We are now back from various shows around the world where we had lots of discussion with developers about the use and longevity of Imagination’s Tile Based Deferred Rendering-based (TBDR) PowerVR architecture. Some had never heard of it (mainly those who were moving down from the console and PC space) and others who wanted to know if TBDR would ever run out of steam. To that end, we are just setting out the whys and wherefores’ of TBDR to help people’s understanding. If you’re reading this, the chances are you know what Imagination PowerVR is, for those of you who don’t, it’s the mobile GPU architecture found in the majority of all mobile and embedded devices.

If you do, you already know that PowerVR likes to, as we say in the office, “render funny”. Unlike the graphics card in your desktop computer, PowerVR is not an Immediate Mode Renderer (IMR); it is a Tile Based Deferred Renderer (TBDR). Today, we want to explain to you what that means and answer the rather intriguing question of “why?”

What is TBDR?

The question “What is TBDR?” has two different answers, one long, one short, here I hope to furnish you with the short answer.

PowerVR graphics: The Tiling Bit

Tiling really is as simple as it sounds. On a basic level, the framebuffer is split into little tiles, of a fixed size, with each tile being drawn individually once an entire scene has been submitted; all the vertex information for a scene is gathered, clipped, projected, culled, and transformed, before being placed into a small container in memory stating which triangle is in which tile. Once the vertex processing is done, fragment processing is performed, but because the location of every triangle is known ahead of time the chip can make what I like to call “informed decisions”.

PowerVR graphics: We render funny: tiling

Informed Decisions or ‘The Deferred Bit’

Obviously any GPU that performs tiling must defer in a sense, but when we at PowerVR talk about ‘Deferring’ we mean something a little different. To us, the “Deferred” step refers to those “informed decisions” I mentioned just a moment ago; what, in technical parlance, is called “Hidden Surface Removal” (HSR).

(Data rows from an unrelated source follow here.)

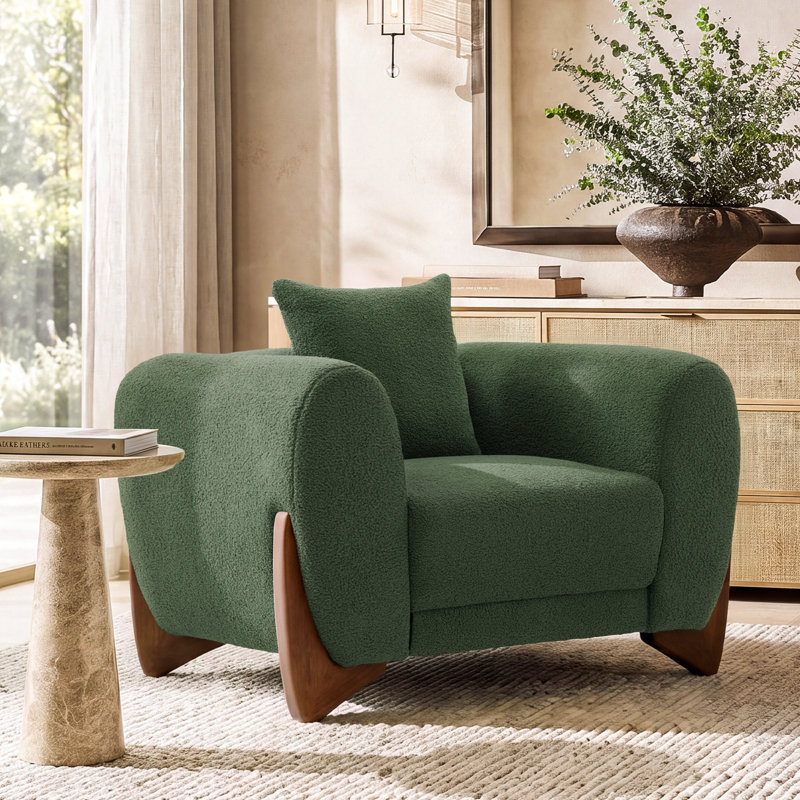 Ensemble de salon 2 pièces Morgan - Canapé et chaise avec pieds noyer, Vert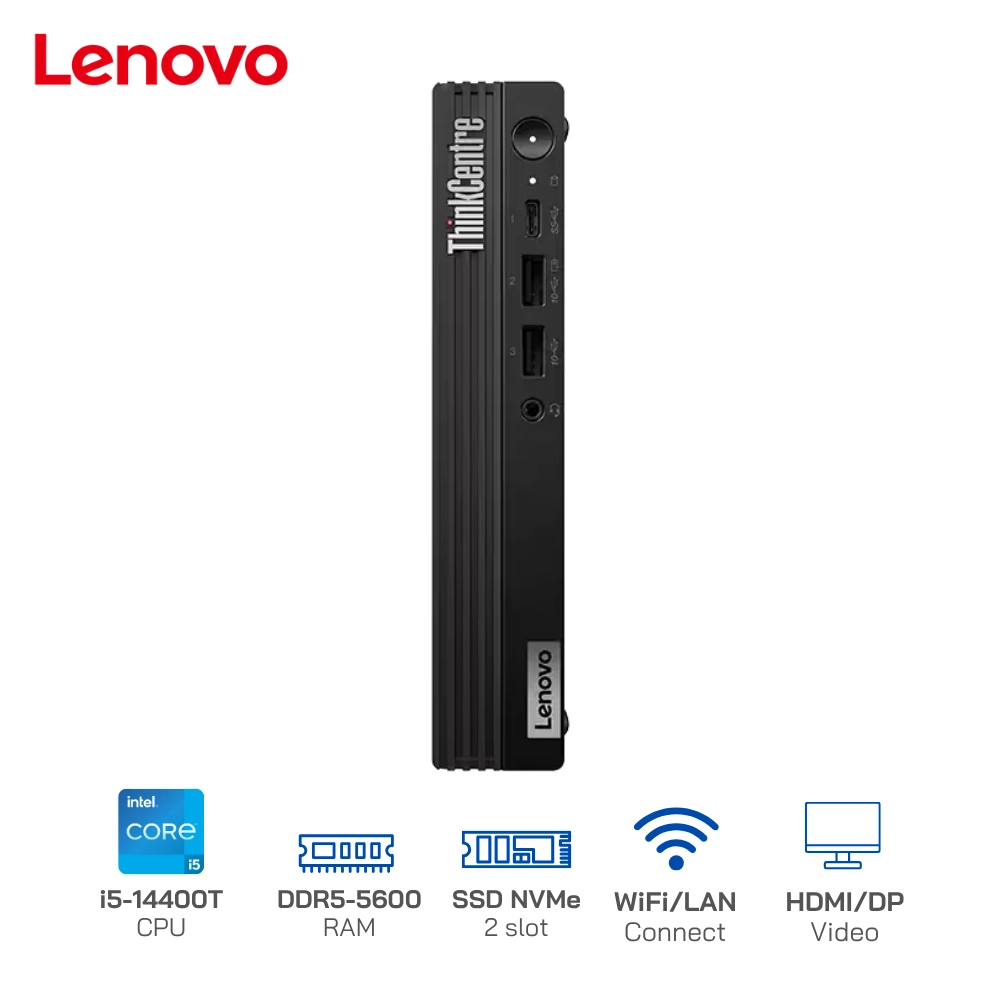 Máy bộ Mini PC Lenovo ThinkCentre M70q Gen 5 Tiny Core i5-14400T, Ram 16GB, SSD 256GB, Wifi 6, Win 11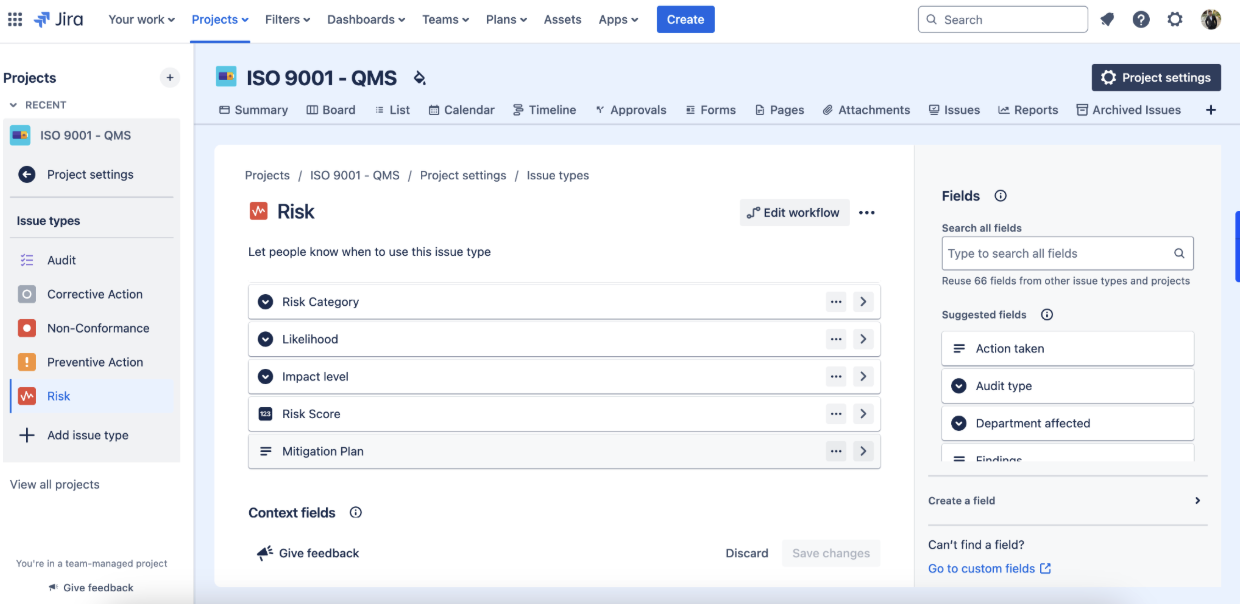 Fields such as Risk Level (Low, Medium, High) help prioritize compliance tasks.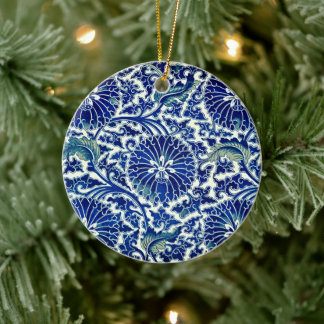 Betoverende elegantie: blauw bloemenChinees Orname Keramisch Ornament
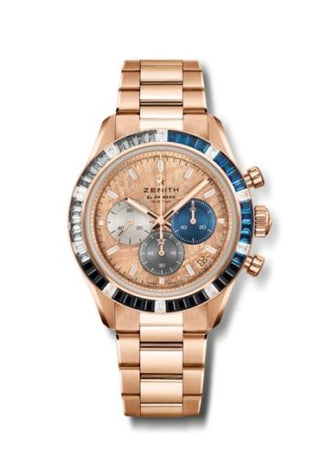 Zenith - 22.3100.3600/69.M3100  Chronomaster Sport  Rose Gold - Baguette Tricolor / Champagne Meteorite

We should first define one of the great bugbears of modern graphics, “Overdraw”. “Overdraw” is what happens when you draw into a pixel more than once, because you’ve wasted time processing one fragment when it’s going to overwritten by another fragment closer to the camera.

Clearly this is a bad thing, and that’s where those “informed decisions” come in; by knowing ahead of time exactly what fragments of what triangles are going to contribute to the final framebuffer we can safely ignore those that won’t. This process of discarding unrequired fragments is the aforementioned “Hidden Surface Removal” and is a major feature, as you will hopefully understand very soon.

Yes, but…Why?

Whenever you design a new technology it’s important to consider the requirements for that technology. In the case of mobile and embedded systems it’s always been about the big three, power consumption, die size, and performance. You can always make a chip smaller simply by stripping out performance, or letting “Moore’s Law” do the work for you, and save power to boost, but you can do more than that; you can design your technology from the ground up with these things in mind…and that’s where TBDR comes in.

The first of the stages I mentioned previous, “Tiling”, allows the chip to keep an entire section of the framebuffer on chip until it’s completed. If the tile never leaves the chip, then once it’s loaded in, the only system bandwidth you’re going to consume is during texture reads in your fragment shaders. All this saved bandwidth means less power is consumed for each frame, and thanks to clever optimizations on our end your applications performance goes up too.

The second of these stages, the “Deferred” stage, means that the chip doesn’t waste time processing fragments that no-one is ever going to see. These are thrown away. While this saves power, and delivers better performance all on its own, it also saves even more bandwidth; after all, every fragment you’re not processing is a bunch of textures you’re not having to read, which saves even more bandwidth, and even more power, and delivers even better performance.

At the end of the day, Imagination PowerVR does TBDR because we believe it is, fundamentally, a better architecture. “Tiling” and “Deferring” save memory bandwidth, improve performance, and save power, and that’s why it’s so widely adopted in power restricted environments like the mobile and embedded markets.

Our motto for TBDR is ‘Work Smarter, And Harder’

If you want to know more about our technology and products or to simply download the SDK and get working on our Imagination PowerVR graphics family, they're available on our Imagination developer website.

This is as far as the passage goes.